_TASK MATERIAL_.

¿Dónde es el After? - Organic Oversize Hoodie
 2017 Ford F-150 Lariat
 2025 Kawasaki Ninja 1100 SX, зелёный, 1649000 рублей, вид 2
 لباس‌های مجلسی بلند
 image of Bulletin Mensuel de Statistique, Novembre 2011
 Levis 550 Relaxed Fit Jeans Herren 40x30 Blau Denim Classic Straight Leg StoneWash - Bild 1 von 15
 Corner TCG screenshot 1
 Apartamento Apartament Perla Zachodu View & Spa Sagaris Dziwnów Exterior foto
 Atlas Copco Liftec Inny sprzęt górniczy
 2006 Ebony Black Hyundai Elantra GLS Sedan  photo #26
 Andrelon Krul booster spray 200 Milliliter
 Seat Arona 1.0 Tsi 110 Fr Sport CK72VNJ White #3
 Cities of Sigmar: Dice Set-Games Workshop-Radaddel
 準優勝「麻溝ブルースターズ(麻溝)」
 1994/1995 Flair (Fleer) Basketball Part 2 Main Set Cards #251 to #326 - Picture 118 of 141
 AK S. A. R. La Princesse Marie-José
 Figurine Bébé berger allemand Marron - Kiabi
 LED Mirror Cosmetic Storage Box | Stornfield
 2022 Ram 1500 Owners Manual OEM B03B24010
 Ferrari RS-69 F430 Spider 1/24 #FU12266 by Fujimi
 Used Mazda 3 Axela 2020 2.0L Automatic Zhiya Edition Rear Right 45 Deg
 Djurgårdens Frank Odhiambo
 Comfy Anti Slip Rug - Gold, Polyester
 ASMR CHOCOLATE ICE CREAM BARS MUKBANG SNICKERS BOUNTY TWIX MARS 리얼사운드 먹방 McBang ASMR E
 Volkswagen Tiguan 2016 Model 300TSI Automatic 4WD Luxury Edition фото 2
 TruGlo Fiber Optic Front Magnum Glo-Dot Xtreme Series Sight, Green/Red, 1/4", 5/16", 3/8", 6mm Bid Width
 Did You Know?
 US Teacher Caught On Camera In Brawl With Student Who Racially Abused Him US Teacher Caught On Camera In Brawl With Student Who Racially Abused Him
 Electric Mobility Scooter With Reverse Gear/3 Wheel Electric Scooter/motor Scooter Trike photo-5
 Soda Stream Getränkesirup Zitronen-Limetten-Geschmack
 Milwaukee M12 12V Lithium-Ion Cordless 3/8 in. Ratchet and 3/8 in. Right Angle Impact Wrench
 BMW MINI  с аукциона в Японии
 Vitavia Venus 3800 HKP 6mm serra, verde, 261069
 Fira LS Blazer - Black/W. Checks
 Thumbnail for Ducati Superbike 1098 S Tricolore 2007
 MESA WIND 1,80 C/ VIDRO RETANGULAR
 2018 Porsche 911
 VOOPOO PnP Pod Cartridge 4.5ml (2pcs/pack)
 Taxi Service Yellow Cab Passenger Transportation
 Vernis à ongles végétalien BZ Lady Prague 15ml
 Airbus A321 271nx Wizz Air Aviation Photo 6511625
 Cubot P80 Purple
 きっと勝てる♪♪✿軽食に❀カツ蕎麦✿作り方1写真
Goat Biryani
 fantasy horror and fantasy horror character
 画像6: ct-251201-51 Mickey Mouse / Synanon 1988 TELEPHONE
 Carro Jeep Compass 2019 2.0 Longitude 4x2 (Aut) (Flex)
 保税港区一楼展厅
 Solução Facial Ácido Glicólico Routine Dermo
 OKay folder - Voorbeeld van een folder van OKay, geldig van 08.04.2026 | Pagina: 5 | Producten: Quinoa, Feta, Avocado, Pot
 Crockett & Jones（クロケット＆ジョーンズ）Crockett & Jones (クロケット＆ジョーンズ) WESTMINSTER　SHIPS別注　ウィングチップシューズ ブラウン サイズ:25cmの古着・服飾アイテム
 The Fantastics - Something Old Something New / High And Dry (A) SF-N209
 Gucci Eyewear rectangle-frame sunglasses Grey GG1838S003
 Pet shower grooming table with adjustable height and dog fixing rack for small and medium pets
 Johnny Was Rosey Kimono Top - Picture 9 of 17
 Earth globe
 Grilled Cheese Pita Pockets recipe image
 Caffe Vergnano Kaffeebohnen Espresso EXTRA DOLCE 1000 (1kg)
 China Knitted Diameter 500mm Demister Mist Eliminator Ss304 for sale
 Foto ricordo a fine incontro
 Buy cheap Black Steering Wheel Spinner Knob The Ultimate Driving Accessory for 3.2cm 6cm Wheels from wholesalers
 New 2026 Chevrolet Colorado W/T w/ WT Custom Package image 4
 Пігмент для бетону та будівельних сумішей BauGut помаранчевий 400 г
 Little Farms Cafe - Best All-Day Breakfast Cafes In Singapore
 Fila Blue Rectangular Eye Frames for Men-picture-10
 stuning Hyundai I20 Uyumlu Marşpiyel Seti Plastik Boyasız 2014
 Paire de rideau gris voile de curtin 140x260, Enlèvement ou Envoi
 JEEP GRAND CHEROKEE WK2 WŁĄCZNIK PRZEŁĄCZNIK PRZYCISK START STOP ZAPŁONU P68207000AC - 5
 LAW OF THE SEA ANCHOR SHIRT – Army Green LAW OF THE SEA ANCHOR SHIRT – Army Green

_WHAT NEEDS TO BE DONE_.
Beginning at the top of the data, extract each line through the line containing "Comfy Anti Slip Rug - Gold, Polyester" and return those lines exactly, with nothing added.

_EXERCISE RESPONSE_.
¿Dónde es el After? - Organic Oversize Hoodie
 2017 Ford F-150 Lariat
 2025 Kawasaki Ninja 1100 SX, зелёный, 1649000 рублей, вид 2
 لباس‌های مجلسی بلند
 image of Bulletin Mensuel de Statistique, Novembre 2011
 Levis 550 Relaxed Fit Jeans Herren 40x30 Blau Denim Classic Straight Leg StoneWash - Bild 1 von 15
 Corner TCG screenshot 1
 Apartamento Apartament Perla Zachodu View & Spa Sagaris Dziwnów Exterior foto
 Atlas Copco Liftec Inny sprzęt górniczy
 2006 Ebony Black Hyundai Elantra GLS Sedan  photo #26
 Andrelon Krul booster spray 200 Milliliter
 Seat Arona 1.0 Tsi 110 Fr Sport CK72VNJ White #3
 Cities of Sigmar: Dice Set-Games Workshop-Radaddel
 準優勝「麻溝ブルースターズ(麻溝)」
 1994/1995 Flair (Fleer) Basketball Part 2 Main Set Cards #251 to #326 - Picture 118 of 141
 AK S. A. R. La Princesse Marie-José
 Figurine Bébé berger allemand Marron - Kiabi
 LED Mirror Cosmetic Storage Box | Stornfield
 2022 Ram 1500 Owners Manual OEM B03B24010
 Ferrari RS-69 F430 Spider 1/24 #FU12266 by Fujimi
 Used Mazda 3 Axela 2020 2.0L Automatic Zhiya Edition Rear Right 45 Deg
 Djurgårdens Frank Odhiambo
 Comfy Anti Slip Rug - Gold, Polyester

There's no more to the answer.